╭──

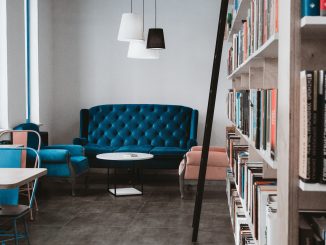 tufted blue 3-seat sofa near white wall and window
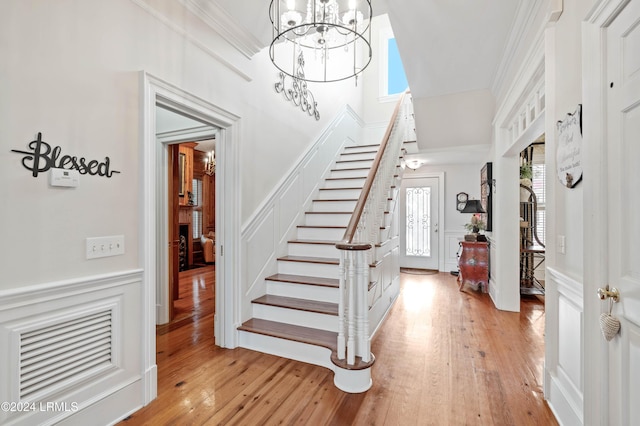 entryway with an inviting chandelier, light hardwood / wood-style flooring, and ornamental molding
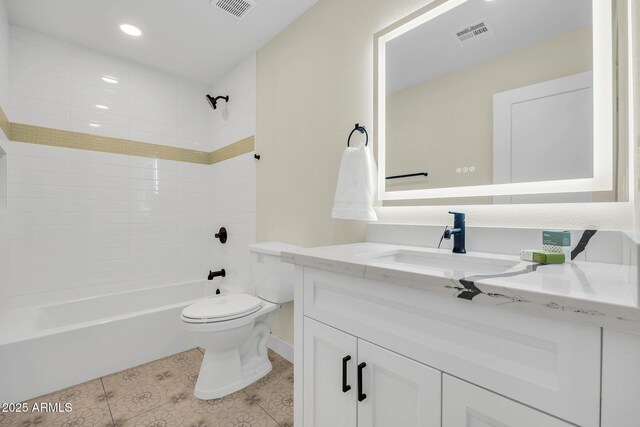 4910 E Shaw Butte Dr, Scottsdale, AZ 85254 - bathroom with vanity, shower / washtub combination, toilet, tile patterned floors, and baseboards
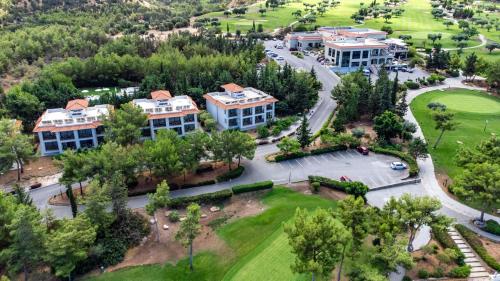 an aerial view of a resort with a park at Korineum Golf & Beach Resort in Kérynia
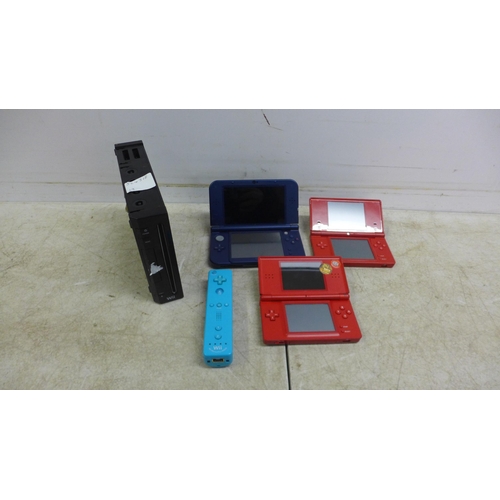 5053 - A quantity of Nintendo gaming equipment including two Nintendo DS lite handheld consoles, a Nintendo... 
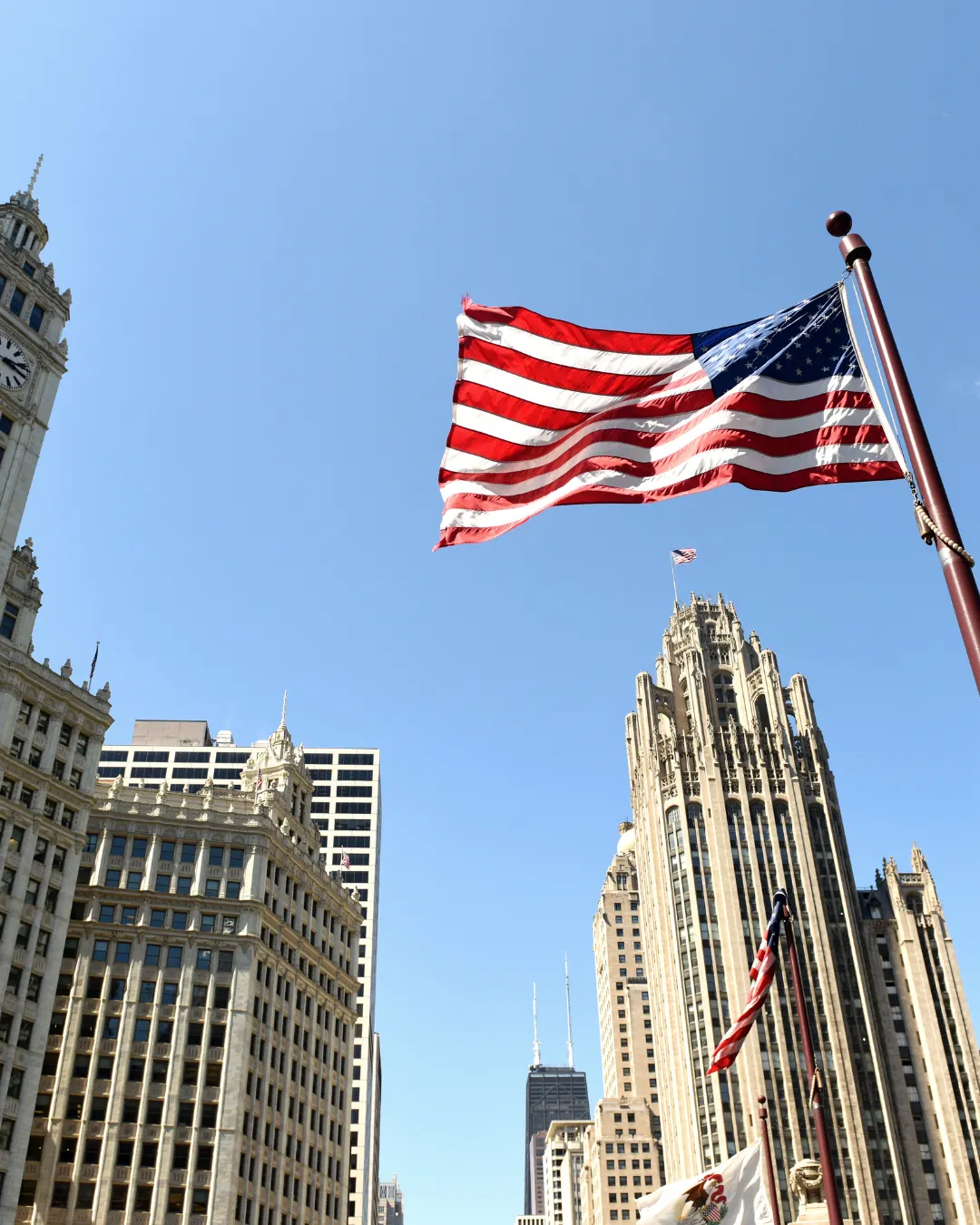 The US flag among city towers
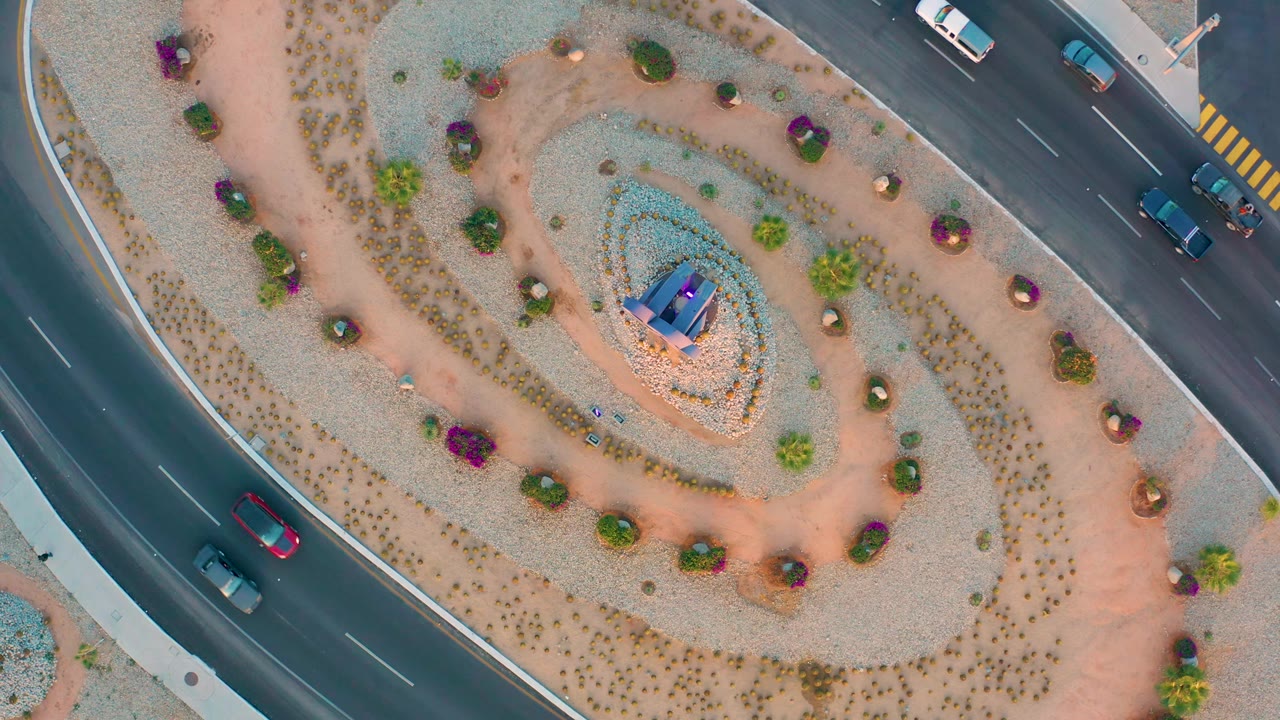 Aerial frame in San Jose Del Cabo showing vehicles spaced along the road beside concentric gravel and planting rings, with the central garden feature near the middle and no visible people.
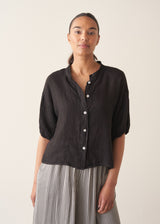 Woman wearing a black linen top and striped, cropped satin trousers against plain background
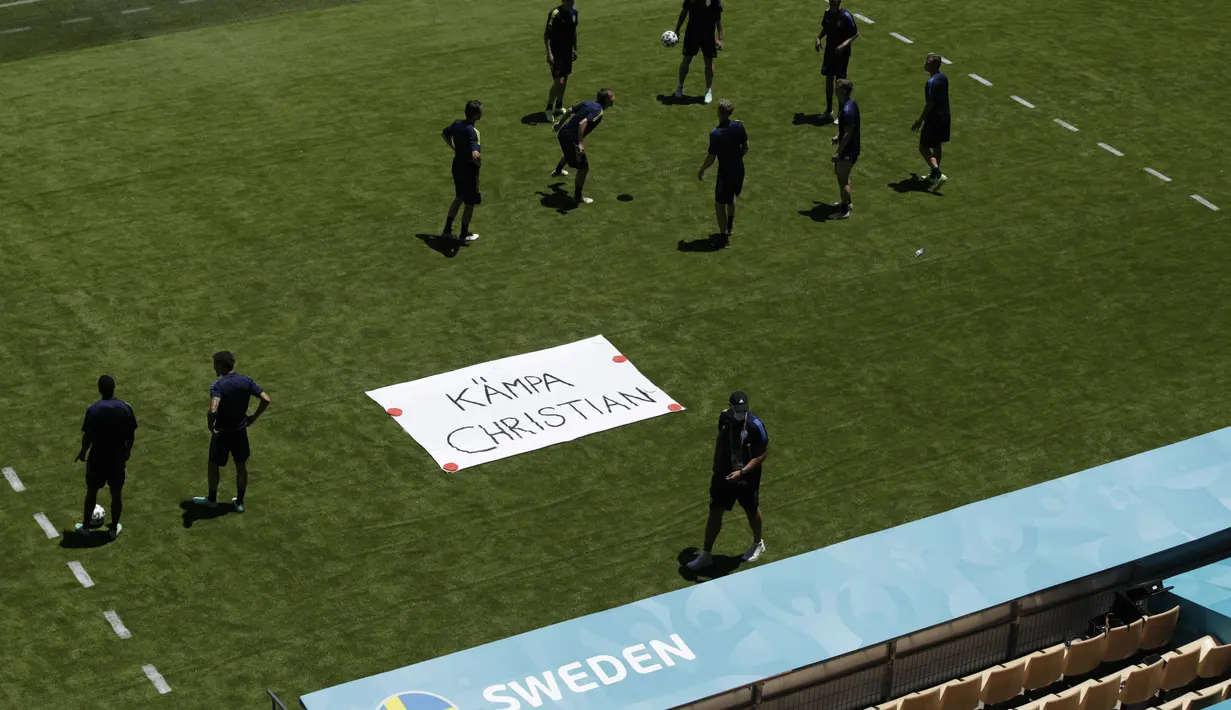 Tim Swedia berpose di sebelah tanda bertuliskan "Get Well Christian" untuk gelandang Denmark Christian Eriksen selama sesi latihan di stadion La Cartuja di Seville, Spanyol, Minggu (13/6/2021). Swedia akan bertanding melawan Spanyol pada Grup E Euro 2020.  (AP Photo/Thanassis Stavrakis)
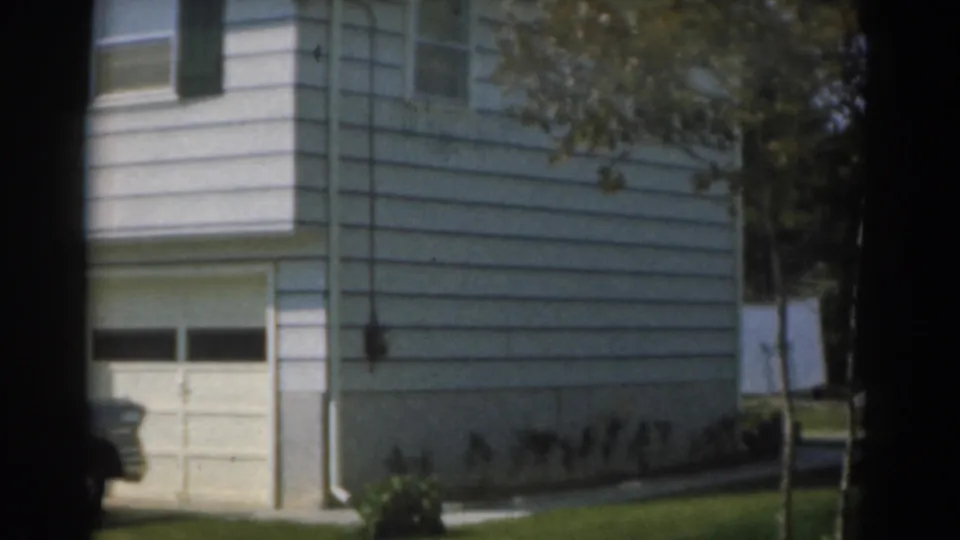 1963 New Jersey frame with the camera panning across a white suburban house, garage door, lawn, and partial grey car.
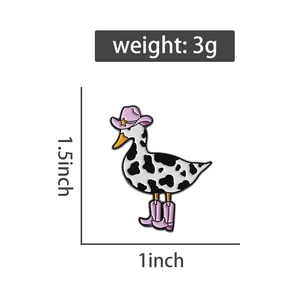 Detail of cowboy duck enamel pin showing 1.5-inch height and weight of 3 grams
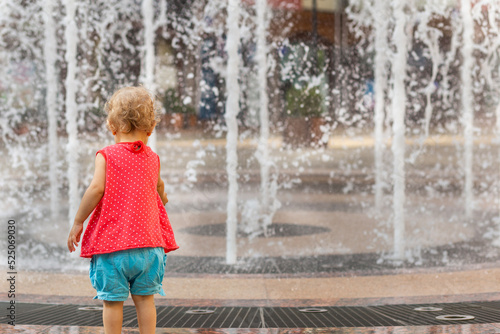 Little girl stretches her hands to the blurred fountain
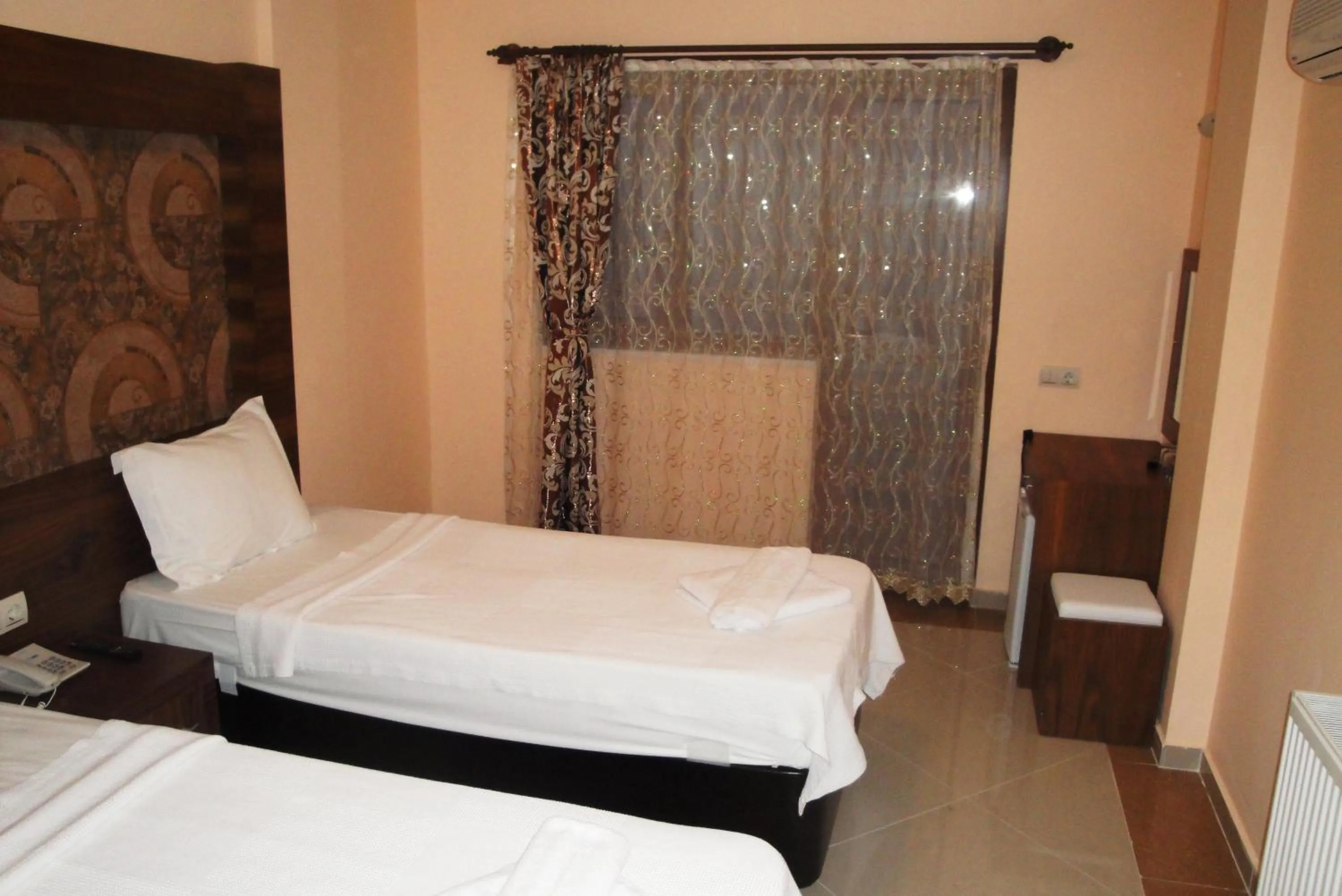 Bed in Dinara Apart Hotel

╰──

**What is expected**
Every line above must appear in the answer unchanged, and no picture may appear in it.

**Problem solution**
 tufted blue 3-seat sofa near white wall and window
 entryway with an inviting chandelier, light hardwood / wood-style flooring, and ornamental molding
 4910 E Shaw Butte Dr, Scottsdale, AZ 85254 - bathroom with vanity, shower / washtub combination, toilet, tile patterned floors, and baseboards
 an aerial view of a resort with a park at Korineum Golf & Beach Resort in Kérynia
 5053 - A quantity of Nintendo gaming equipment including two Nintendo DS lite handheld consoles, a Nintendo... 
 The US flag among city towers
 Aerial frame in San Jose Del Cabo showing vehicles spaced along the road beside concentric gravel and planting rings, with the central garden feature near the middle and no visible people.
 Woman wearing a black linen top and striped, cropped satin trousers against plain background
 Tim Swedia berpose di sebelah tanda bertuliskan "Get Well Christian" untuk gelandang Denmark Christian Eriksen selama sesi latihan di stadion La Cartuja di Seville, Spanyol, Minggu (13/6/2021). Swedia akan bertanding melawan Spanyol pada Grup E Euro 2020.  (AP Photo/Thanassis Stavrakis)
 1963 New Jersey frame with the camera panning across a white suburban house, garage door, lawn, and partial grey car.
 Detail of cowboy duck enamel pin showing 1.5-inch height and weight of 3 grams
 Little girl stretches her hands to the blurred fountain
 Bed in Dinara Apart Hotel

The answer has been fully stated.